TheWrap has been unable to find video of the livestreamed attack on Facebook on Friday. That’s largely due to the measures Facebook took after removing the livestream — which include producing a scan of the video that allowed the company to detect new uploads that include the same scenes as the livestream.

According to one Facebook rep, the company’s AI technology is also able to spot blood and gore from the livestream — enabling Facebook to immediately remove uploads showing the most gruesome aspects of the livestream while allowing news reports on the massacre (which are unlikely to include graphic footage). The company is actively looking for links to the livestream on other sites, then alerting those sites to take the video down, the rep added.

But the recorded shooting continues to linger on other platforms, despite a unified push to remove it.

A person familiar with Twitter’s review process said the company is using a combination of AI and an international team of moderators to scan the platform and remove the offending video. This process hasn’t been foolproof, however; several tweets sharing video of the attack have remained easily findable on Twitter on Friday, with many of the tweets remaining up for hours at a time. An individual familiar with Twitter’s moderation team said the company strongly encourages users to flag tweets sharing the video so that its moderators can more quickly remove the clips. (Sharing the video violates Twitter’s rule against “glorification of violence.”)

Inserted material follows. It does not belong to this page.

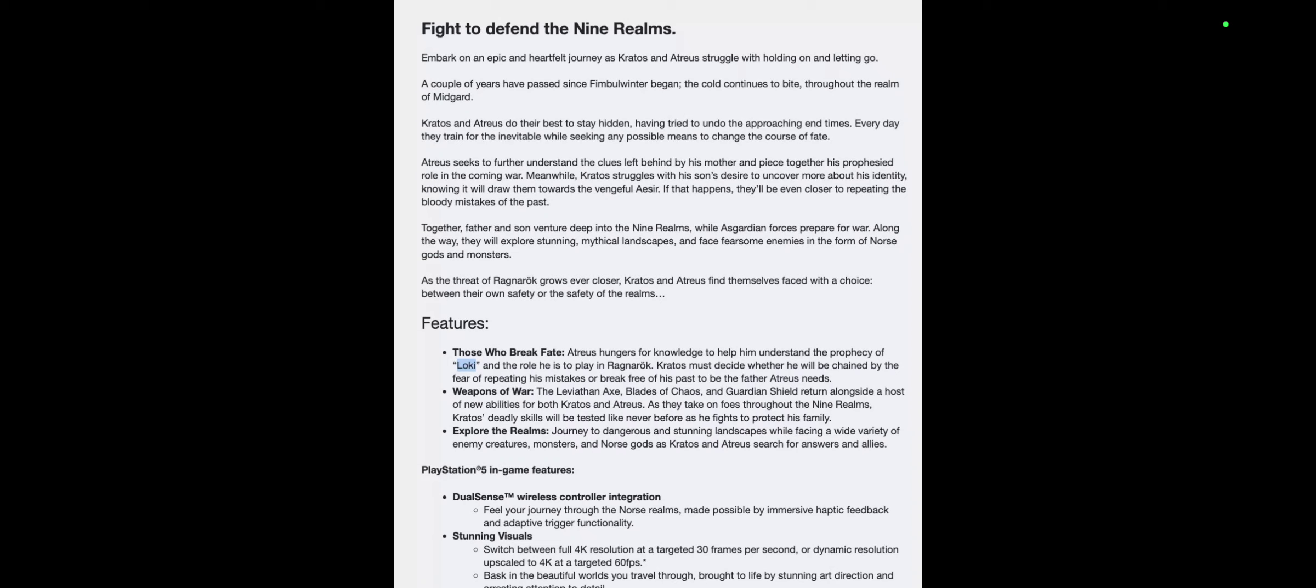Atreus seeks to further understand the clues left behind by his mother and piece together his prophesized role in the coming war. Meanwhile, Kratos struggles with his son's desire to uncover more about his identity, knowing it will draw them towards the eventual Aesir.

Twitter declined to share how many tweets of the video it has removed.

YouTube, the biggest video hub on the planet, has run into similar issues keeping the video off its site. A person familiar with YouTube’s response said it has removed thousands of uploads of the shooting on Friday. News reports showing segments of the attack will not be removed from YouTube, as the company allows exceptions to its ban on graphic content if it contains news value. But the company, like Facebook and Twitter, is leaning on machine-learning tools and its human moderation team to remove uploads of the raw video.

Even after thousands of uploads have been removed, a constant stream of new uploads are added each hour by users looking to skirt YouTube’s enforcement mechanisms. Most are quickly caught and taken down, as a YouTube search of the last hour of uploads showed, but some slip through the cracks and allow viewers to watch the attack.

Right now, these tech giants are left with an imperfect solution — a reliance on flawed technology and moderators with a finite amount of time and energy —  to the problem of completely blocking video of violent attacks from spreading.

Jon Levine contributed to this report.